We are not done with our discussion of early Christology and its development. What we have covered so far is what appears to have been the earliest Christological paradigm. It certainly isn't Nicene! In fact, we are a long way from Nicaea. I am willing to post my thoughts on the subject up to Nicaea, but that is a long haul. So let's concentrate on the foundational biblical materials and the first layer of paradigms.

You can imagine that certain questions must have arisen almost immediately in regard to the Jerusalem paradigm and the exaltation of Jesus as the YHWH Angel. Everytime the community would read or listen to stories from their scriptures about the YHWH Angel, they must have wondered how these stories about the Angel were connected to Jesus. It is impossible for me to determine who first raised these questions, but what I do know is that their answers were already known to Paul at the time he became a primary leader and missionary of the Antiochean church. So the Antiochean Christians were definitely discussing it, and had even developed liturgies based on their answers.

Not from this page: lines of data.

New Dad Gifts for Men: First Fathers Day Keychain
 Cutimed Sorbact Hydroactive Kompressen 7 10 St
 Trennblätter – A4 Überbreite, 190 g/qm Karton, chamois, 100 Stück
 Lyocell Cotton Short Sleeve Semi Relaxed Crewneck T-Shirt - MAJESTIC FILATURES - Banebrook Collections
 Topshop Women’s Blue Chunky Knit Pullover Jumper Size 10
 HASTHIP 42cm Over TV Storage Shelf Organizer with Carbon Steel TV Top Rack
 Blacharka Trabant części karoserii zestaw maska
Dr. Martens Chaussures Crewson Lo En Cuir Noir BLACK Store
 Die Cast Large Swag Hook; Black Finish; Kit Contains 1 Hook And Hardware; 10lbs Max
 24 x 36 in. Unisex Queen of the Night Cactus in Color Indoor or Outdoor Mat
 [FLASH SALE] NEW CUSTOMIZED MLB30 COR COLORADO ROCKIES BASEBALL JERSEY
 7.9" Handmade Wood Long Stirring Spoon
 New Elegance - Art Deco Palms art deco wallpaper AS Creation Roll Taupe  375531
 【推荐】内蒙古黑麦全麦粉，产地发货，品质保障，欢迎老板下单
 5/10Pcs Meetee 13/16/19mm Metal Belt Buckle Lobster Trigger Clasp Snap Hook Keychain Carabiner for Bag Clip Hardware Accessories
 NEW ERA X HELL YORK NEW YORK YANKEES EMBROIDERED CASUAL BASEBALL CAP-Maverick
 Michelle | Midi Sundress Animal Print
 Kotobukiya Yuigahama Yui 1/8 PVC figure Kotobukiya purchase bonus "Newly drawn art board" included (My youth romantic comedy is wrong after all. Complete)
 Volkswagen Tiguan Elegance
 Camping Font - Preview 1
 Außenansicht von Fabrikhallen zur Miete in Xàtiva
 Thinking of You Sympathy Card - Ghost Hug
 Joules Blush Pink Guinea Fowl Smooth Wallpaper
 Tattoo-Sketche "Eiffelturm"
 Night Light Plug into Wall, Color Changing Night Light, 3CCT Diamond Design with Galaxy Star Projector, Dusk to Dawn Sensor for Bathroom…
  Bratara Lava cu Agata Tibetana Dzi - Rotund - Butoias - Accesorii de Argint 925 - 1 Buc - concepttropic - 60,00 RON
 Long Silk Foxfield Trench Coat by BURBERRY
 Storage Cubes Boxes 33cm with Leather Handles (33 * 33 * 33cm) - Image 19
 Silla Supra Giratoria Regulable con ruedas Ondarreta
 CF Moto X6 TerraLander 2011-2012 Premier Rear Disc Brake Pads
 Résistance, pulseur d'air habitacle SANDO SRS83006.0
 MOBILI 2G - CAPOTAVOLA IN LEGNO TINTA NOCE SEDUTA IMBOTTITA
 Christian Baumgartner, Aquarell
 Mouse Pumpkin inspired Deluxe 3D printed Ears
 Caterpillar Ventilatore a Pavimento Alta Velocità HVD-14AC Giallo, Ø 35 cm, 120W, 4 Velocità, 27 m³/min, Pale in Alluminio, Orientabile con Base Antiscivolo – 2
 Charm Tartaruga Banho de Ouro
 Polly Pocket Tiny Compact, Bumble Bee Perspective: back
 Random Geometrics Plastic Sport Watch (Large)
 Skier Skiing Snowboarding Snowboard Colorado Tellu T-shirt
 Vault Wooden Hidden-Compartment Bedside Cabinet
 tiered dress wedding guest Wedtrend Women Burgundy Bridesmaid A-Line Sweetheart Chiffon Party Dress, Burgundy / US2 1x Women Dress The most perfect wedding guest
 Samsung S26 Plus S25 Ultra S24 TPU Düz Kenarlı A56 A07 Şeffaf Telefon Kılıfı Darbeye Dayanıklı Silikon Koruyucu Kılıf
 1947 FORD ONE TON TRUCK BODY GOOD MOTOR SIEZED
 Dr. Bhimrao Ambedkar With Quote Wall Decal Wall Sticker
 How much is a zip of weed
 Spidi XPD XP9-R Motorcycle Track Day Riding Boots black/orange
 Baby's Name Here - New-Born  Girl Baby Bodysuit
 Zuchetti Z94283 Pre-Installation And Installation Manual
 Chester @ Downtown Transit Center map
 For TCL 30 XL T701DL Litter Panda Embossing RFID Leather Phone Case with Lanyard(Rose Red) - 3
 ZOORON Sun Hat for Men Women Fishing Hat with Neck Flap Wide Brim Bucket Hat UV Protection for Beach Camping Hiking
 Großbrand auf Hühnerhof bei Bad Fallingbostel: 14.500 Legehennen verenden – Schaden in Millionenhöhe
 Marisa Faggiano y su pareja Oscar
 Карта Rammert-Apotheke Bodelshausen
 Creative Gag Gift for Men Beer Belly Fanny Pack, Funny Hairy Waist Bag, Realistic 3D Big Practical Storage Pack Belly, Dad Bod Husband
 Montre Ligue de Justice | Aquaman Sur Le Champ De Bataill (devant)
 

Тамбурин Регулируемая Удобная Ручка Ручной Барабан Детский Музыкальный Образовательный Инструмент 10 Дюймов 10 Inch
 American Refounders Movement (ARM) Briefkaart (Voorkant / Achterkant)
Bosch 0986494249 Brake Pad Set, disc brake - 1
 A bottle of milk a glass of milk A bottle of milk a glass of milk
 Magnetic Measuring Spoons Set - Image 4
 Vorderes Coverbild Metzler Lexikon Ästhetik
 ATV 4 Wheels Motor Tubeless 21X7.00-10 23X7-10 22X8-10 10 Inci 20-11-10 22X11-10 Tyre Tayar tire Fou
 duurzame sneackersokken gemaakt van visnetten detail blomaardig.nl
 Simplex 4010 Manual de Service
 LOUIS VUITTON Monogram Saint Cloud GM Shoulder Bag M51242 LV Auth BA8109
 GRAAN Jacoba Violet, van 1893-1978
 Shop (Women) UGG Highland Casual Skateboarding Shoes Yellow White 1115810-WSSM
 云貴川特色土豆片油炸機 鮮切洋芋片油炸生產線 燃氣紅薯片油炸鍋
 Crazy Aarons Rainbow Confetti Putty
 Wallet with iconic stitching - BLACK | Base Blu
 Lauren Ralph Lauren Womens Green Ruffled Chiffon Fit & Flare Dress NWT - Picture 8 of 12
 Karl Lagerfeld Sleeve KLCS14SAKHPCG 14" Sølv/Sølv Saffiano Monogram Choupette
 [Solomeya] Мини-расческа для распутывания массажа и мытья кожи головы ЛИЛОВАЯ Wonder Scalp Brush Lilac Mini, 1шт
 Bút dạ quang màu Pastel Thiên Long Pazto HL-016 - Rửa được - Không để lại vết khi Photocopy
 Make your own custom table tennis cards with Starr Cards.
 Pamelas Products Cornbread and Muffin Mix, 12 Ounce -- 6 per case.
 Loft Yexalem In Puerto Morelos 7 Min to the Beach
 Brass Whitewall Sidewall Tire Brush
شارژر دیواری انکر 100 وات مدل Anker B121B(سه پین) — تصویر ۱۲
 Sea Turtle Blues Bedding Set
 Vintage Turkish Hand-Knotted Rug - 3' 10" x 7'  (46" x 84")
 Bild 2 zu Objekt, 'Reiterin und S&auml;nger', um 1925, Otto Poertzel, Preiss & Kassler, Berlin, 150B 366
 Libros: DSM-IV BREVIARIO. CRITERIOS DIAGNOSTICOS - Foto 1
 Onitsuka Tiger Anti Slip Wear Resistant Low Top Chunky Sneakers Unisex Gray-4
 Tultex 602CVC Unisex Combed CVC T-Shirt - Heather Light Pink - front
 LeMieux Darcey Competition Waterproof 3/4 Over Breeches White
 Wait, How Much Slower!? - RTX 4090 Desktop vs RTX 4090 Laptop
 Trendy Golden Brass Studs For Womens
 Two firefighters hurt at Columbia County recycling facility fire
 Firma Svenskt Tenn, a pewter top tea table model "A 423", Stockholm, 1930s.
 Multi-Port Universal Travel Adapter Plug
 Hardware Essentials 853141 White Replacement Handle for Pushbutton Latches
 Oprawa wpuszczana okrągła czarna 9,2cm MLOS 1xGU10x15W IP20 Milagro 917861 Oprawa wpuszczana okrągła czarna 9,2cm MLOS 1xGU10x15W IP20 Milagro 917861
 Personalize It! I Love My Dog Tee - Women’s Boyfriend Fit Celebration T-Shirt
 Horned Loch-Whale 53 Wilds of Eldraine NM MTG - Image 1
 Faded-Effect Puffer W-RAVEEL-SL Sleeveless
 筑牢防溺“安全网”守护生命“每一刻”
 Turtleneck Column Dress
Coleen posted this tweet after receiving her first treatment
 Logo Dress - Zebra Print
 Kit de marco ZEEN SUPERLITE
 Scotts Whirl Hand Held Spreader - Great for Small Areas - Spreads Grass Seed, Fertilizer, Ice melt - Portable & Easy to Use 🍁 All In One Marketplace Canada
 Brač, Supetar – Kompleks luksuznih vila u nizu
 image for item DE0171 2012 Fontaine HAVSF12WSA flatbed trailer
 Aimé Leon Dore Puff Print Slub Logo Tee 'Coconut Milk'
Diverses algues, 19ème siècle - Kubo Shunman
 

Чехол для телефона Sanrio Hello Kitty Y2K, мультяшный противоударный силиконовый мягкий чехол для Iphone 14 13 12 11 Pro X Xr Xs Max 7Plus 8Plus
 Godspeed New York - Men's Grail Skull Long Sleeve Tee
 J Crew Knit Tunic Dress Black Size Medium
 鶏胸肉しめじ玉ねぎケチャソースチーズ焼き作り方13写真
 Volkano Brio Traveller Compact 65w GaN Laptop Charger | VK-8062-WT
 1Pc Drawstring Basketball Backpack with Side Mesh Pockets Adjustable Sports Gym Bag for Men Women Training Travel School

It is a dominant paradigm in western Syria, Asia Minor, Greece, and becomes the dominant meta-paradigm in Rome and the West. It is not unknown to some of the sources associated with Jerusalem, so whatever was going on, it was communicated between Jerusalem and Antioch.

What was the reasoning? It probably went something like this: if Jesus had been exalted at his death, becoming the YHWH Angel, he must have been the YHWH Angel in scriptures like Gen 16:7, 22:15, Ex 3:2-14, 23:20-21 too. This means that Jesus must have existed as the YHWH Angel before his earthly advent. So it must be that this YHWH Angel descended from heaven and somehow embodied Jesus at Jesus' conception or birth.

This is what the much-debated Phil hymn is all about (2:5-7). Jesus had been in the form of God and did not count equality with God a thing to be grasped. This is a reference to the YHWH Angel who is God's manifestation or equivalent. This divine being empties himself and is born in the likeness of men.